The Lion, the Witch and the Metaphor

The New York Times | Op-Ed

By Jessica Seigel

Though it's fashionable nowadays to come out of the closet, lately folks are piling in -- into the wardrobe, that is, to battle over who owns Narnia: secular or Christian lovers of C. S. Lewis's stories.

Children, of course, have been slipping through the magic cupboard into the mythical land for 50 years without assistance from pundits or preachers (though fauns and talking badgers have been helpful). But now that the chronicles' first book, ''The Lion, the Witch and the Wardrobe,'' has been made into a Disney movie, adults are fighting to claim the action. And that means analyzing it. Or not.

The 7-year-old who sat next to me during a recent showing said, ''This is really scary.'' It was scary when the White Witch kills the lion Aslan, who dies to save the loathsome Edmund before rising to help him and his siblings vanquish evil. But adults reducing the story to one note -- their own -- are even scarier. One side dismisses the hidden Jesus figure as silly or trivial, while the other insists the lion is Jesus in a story meant to proselytize. They're both wrong.

As a child, I never knew that Aslan was ''Jesus.'' And that's a good thing. My mother recently remarked that if she'd known the stories were Christian, she wouldn't have given me the books -- which are among my dearest childhood memories.

But parents today will not be innocent of the religious subtext, considering the drumbeat of news coverage and Disney's huge campaign to remind churchgoing audiences of the film's religious themes. The marketing is so intense that the religious Web site HollywoodJesus.com even worried that ham-fisted promotion might ruin it for non-Christians.

But a brief foray into Criticism 101 shows that the wardrobe is big enough for everyone. Symbolism, for example, is when one thing stands for another but is not the thing itself. Psychoanalysts, for instance, have interpreted ''The Wonderful Wizard of Oz'' as Dorothy's quest for a penis -- that is, retrieving the witch's broomstick. Does that symbolism -- if you buy it -- make Dorothy a pervert? No, because it's hidden. That's the point. Overt and covert meaning can exist independently.

Those with a fiduciary, rather than phallic bent, might prefer the theory that L. Frank Baum's Oz stories are a Populist manifesto, with the yellow brick road as the gold standard, the Tin Man as alienated labor, Scarecrow as oppressed farmers, and so on. (And surely some Jungian theory about the collective unconscious explains why both Oz and Narnia are populated by four heroic characters fighting an evil witch.)
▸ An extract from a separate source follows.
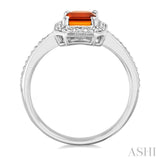 7X5 MM Octagon Shape Citrine and 1/50 Ctw Round Cut Diamond Semi-Precious Ring in Sterling Silver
Yes, it's allegory land, a place that strings symbols together to create levels of meaning, which a determined scholar has actually quantified as ranging from two to seven layers. (No word on why not eight.) Allegory, the oldest narrative technique, often involves talking animals, from Aesop's fox with the grapes to Dr. Seuss's Yertle the Turtle, supposedly a Hitler figure.
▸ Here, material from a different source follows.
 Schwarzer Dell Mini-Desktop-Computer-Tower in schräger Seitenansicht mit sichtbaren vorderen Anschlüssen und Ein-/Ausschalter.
Does that twist the Seuss tale into a political treatise on fascism? No, it adds another level for adults, it teaches morals (even the meekest can unseat the powerful, etc.), and it's fun -- when plain little Mack burps, he shakes the bad king Yertle from his throne built on turtles.

But which layer is more important -- the surface or beneath? Deep thinkers specialize in hidden meanings (building demand, of course, for their interpretive expertise). An Oxford English professor, Lewis himself explored the depths in his scholarly books. But he also defended the literal, lamenting in his essay ''On Stories'' how modern criticism denigrates the pleasures of a good yarn -- and that was 50 years ago.

While critics today call it ''fallacy'' to interpret a work by citing the author's intentions, Lewis left a road map for us marked with special instructions for not annoying children. In his essay ''Sometimes Fairy Stories May Say Best What's to Be Said,'' he denounced as ''moonshine'' the idea that he wrote the Narnia chronicles to proselytize the young. The lion Aslan, he wrote, bounded into his imagination from his experience as a Christian, coming to him naturally as should all good writing.

''Let the pictures tell you their own moral,'' he advised in ''On Three Ways of Writing for Children.'' ''If they don't show you a moral, don't put one in.''

In keeping with that advice, the Narnia chronicles don't beat you on the head -- nor does the faithful movie adaptation. If everyone stays on his own level -- the surface for adventurers, and the depths for believers -- we can all enjoy, so long as the advertisers stay out of the way.

Jessica Seigel teaches journalism at New York University and comments on culture for NPR.